WHAT YOU SHOULD DO
Print every line of the data exactly as shown.

DATA SUPPLIED
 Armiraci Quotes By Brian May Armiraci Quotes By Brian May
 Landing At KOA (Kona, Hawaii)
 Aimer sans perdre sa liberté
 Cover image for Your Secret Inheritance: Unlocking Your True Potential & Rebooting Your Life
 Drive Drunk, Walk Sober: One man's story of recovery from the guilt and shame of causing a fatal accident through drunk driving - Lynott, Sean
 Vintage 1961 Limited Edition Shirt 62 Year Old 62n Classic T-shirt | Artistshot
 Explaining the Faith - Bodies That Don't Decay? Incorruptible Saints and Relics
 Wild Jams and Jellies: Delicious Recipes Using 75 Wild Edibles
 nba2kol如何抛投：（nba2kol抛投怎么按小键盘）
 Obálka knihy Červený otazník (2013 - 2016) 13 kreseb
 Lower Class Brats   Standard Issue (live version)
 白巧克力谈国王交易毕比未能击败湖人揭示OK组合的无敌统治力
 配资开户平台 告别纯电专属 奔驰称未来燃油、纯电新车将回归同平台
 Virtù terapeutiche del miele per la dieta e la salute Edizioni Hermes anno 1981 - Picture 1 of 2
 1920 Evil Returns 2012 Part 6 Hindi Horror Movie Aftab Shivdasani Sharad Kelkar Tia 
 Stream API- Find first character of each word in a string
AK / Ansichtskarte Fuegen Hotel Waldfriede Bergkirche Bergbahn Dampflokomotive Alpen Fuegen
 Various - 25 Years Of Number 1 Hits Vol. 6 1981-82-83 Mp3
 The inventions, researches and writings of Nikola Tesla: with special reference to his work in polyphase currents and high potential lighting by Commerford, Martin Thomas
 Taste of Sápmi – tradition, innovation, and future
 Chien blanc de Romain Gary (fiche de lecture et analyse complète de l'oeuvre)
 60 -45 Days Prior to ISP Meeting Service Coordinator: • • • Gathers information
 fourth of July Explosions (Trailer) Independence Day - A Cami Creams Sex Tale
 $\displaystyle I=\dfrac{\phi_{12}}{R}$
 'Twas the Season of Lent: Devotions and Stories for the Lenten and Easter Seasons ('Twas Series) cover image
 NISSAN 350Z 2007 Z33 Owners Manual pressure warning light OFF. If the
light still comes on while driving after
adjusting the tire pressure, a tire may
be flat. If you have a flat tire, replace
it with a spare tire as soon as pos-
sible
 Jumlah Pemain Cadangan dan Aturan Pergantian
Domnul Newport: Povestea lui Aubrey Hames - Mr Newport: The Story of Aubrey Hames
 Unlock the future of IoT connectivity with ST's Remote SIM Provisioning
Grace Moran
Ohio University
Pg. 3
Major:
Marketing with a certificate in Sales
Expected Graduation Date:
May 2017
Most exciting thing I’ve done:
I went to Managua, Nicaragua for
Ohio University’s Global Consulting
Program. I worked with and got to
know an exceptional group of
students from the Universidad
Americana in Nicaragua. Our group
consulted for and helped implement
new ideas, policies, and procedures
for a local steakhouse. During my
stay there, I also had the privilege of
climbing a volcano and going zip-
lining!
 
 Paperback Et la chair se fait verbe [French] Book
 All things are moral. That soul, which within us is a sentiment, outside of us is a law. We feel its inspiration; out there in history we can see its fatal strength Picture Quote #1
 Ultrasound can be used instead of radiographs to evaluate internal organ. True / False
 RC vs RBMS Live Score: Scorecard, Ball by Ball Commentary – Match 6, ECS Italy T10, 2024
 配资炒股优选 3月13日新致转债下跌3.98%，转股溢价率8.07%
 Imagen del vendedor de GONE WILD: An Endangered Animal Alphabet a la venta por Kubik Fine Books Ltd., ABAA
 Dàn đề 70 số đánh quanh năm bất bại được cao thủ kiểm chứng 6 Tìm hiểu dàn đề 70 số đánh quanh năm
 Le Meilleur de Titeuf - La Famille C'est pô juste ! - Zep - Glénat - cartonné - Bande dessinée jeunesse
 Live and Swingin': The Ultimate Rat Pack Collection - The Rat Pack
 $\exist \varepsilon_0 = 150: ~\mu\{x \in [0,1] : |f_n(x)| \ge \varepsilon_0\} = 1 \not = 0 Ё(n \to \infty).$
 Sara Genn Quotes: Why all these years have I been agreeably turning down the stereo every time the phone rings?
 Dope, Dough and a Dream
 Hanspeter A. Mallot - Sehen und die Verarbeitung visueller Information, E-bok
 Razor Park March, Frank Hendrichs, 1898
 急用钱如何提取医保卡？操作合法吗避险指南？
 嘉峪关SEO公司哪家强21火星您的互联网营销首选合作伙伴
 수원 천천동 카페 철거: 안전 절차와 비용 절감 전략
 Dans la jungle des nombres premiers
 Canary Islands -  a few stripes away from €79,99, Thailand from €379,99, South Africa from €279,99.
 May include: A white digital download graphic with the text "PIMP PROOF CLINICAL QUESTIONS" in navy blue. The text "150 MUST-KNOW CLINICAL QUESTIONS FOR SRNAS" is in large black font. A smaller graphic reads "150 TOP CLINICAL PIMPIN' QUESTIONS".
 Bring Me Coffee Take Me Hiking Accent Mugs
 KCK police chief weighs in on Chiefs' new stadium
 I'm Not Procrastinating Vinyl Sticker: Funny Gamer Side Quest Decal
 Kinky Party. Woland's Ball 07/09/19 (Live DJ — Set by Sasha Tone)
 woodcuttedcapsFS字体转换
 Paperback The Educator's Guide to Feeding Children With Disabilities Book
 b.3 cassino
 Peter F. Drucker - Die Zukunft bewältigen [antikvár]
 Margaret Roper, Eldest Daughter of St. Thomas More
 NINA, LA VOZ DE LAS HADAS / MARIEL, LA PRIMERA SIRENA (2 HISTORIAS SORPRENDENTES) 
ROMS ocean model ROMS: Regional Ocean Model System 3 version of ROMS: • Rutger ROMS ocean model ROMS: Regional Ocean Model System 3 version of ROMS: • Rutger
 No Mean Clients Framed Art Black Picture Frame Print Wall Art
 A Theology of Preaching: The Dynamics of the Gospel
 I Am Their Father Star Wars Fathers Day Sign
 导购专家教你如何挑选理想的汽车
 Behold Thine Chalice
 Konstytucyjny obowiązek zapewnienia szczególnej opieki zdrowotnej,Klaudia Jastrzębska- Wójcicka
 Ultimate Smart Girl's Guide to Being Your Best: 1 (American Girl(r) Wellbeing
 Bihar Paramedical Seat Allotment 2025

ANSWER FOR THE TASK
 Armiraci Quotes By Brian May Armiraci Quotes By Brian May
 Landing At KOA (Kona, Hawaii)
 Aimer sans perdre sa liberté
 Cover image for Your Secret Inheritance: Unlocking Your True Potential & Rebooting Your Life
 Drive Drunk, Walk Sober: One man's story of recovery from the guilt and shame of causing a fatal accident through drunk driving - Lynott, Sean
 Vintage 1961 Limited Edition Shirt 62 Year Old 62n Classic T-shirt | Artistshot
 Explaining the Faith - Bodies That Don't Decay? Incorruptible Saints and Relics
 Wild Jams and Jellies: Delicious Recipes Using 75 Wild Edibles
 nba2kol如何抛投：（nba2kol抛投怎么按小键盘）
 Obálka knihy Červený otazník (2013 - 2016) 13 kreseb
 Lower Class Brats   Standard Issue (live version)
 白巧克力谈国王交易毕比未能击败湖人揭示OK组合的无敌统治力
 配资开户平台 告别纯电专属 奔驰称未来燃油、纯电新车将回归同平台
 Virtù terapeutiche del miele per la dieta e la salute Edizioni Hermes anno 1981 - Picture 1 of 2
 1920 Evil Returns 2012 Part 6 Hindi Horror Movie Aftab Shivdasani Sharad Kelkar Tia 
 Stream API- Find first character of each word in a string
AK / Ansichtskarte Fuegen Hotel Waldfriede Bergkirche Bergbahn Dampflokomotive Alpen Fuegen
 Various - 25 Years Of Number 1 Hits Vol. 6 1981-82-83 Mp3
 The inventions, researches and writings of Nikola Tesla: with special reference to his work in polyphase currents and high potential lighting by Commerford, Martin Thomas
 Taste of Sápmi – tradition, innovation, and future
 Chien blanc de Romain Gary (fiche de lecture et analyse complète de l'oeuvre)
 60 -45 Days Prior to ISP Meeting Service Coordinator: • • • Gathers information
 fourth of July Explosions (Trailer) Independence Day - A Cami Creams Sex Tale
 $\displaystyle I=\dfrac{\phi_{12}}{R}$
 'Twas the Season of Lent: Devotions and Stories for the Lenten and Easter Seasons ('Twas Series) cover image
 NISSAN 350Z 2007 Z33 Owners Manual pressure warning light OFF. If the
light still comes on while driving after
adjusting the tire pressure, a tire may
be flat. If you have a flat tire, replace
it with a spare tire as soon as pos-
sible
 Jumlah Pemain Cadangan dan Aturan Pergantian
Domnul Newport: Povestea lui Aubrey Hames - Mr Newport: The Story of Aubrey Hames
 Unlock the future of IoT connectivity with ST's Remote SIM Provisioning
Grace Moran
Ohio University
Pg. 3
Major:
Marketing with a certificate in Sales
Expected Graduation Date:
May 2017
Most exciting thing I’ve done:
I went to Managua, Nicaragua for
Ohio University’s Global Consulting
Program. I worked with and got to
know an exceptional group of
students from the Universidad
Americana in Nicaragua. Our group
consulted for and helped implement
new ideas, policies, and procedures
for a local steakhouse. During my
stay there, I also had the privilege of
climbing a volcano and going zip-
lining!
 
 Paperback Et la chair se fait verbe [French] Book
 All things are moral. That soul, which within us is a sentiment, outside of us is a law. We feel its inspiration; out there in history we can see its fatal strength Picture Quote #1
 Ultrasound can be used instead of radiographs to evaluate internal organ. True / False
 RC vs RBMS Live Score: Scorecard, Ball by Ball Commentary – Match 6, ECS Italy T10, 2024
 配资炒股优选 3月13日新致转债下跌3.98%，转股溢价率8.07%
 Imagen del vendedor de GONE WILD: An Endangered Animal Alphabet a la venta por Kubik Fine Books Ltd., ABAA
 Dàn đề 70 số đánh quanh năm bất bại được cao thủ kiểm chứng 6 Tìm hiểu dàn đề 70 số đánh quanh năm
 Le Meilleur de Titeuf - La Famille C'est pô juste ! - Zep - Glénat - cartonné - Bande dessinée jeunesse
 Live and Swingin': The Ultimate Rat Pack Collection - The Rat Pack
 $\exist \varepsilon_0 = 150: ~\mu\{x \in [0,1] : |f_n(x)| \ge \varepsilon_0\} = 1 \not = 0 Ё(n \to \infty).$
 Sara Genn Quotes: Why all these years have I been agreeably turning down the stereo every time the phone rings?
 Dope, Dough and a Dream
 Hanspeter A. Mallot - Sehen und die Verarbeitung visueller Information, E-bok
 Razor Park March, Frank Hendrichs, 1898
 急用钱如何提取医保卡？操作合法吗避险指南？
 嘉峪关SEO公司哪家强21火星您的互联网营销首选合作伙伴
 수원 천천동 카페 철거: 안전 절차와 비용 절감 전략
 Dans la jungle des nombres premiers
 Canary Islands -  a few stripes away from €79,99, Thailand from €379,99, South Africa from €279,99.
 May include: A white digital download graphic with the text "PIMP PROOF CLINICAL QUESTIONS" in navy blue. The text "150 MUST-KNOW CLINICAL QUESTIONS FOR SRNAS" is in large black font. A smaller graphic reads "150 TOP CLINICAL PIMPIN' QUESTIONS".
 Bring Me Coffee Take Me Hiking Accent Mugs
 KCK police chief weighs in on Chiefs' new stadium
 I'm Not Procrastinating Vinyl Sticker: Funny Gamer Side Quest Decal
 Kinky Party. Woland's Ball 07/09/19 (Live DJ — Set by Sasha Tone)
 woodcuttedcapsFS字体转换
 Paperback The Educator's Guide to Feeding Children With Disabilities Book
 b.3 cassino
 Peter F. Drucker - Die Zukunft bewältigen [antikvár]
 Margaret Roper, Eldest Daughter of St. Thomas More
 NINA, LA VOZ DE LAS HADAS / MARIEL, LA PRIMERA SIRENA (2 HISTORIAS SORPRENDENTES) 
ROMS ocean model ROMS: Regional Ocean Model System 3 version of ROMS: • Rutger ROMS ocean model ROMS: Regional Ocean Model System 3 version of ROMS: • Rutger
 No Mean Clients Framed Art Black Picture Frame Print Wall Art
 A Theology of Preaching: The Dynamics of the Gospel
 I Am Their Father Star Wars Fathers Day Sign
 导购专家教你如何挑选理想的汽车
 Behold Thine Chalice
 Konstytucyjny obowiązek zapewnienia szczególnej opieki zdrowotnej,Klaudia Jastrzębska- Wójcicka
 Ultimate Smart Girl's Guide to Being Your Best: 1 (American Girl(r) Wellbeing
 Bihar Paramedical Seat Allotment 2025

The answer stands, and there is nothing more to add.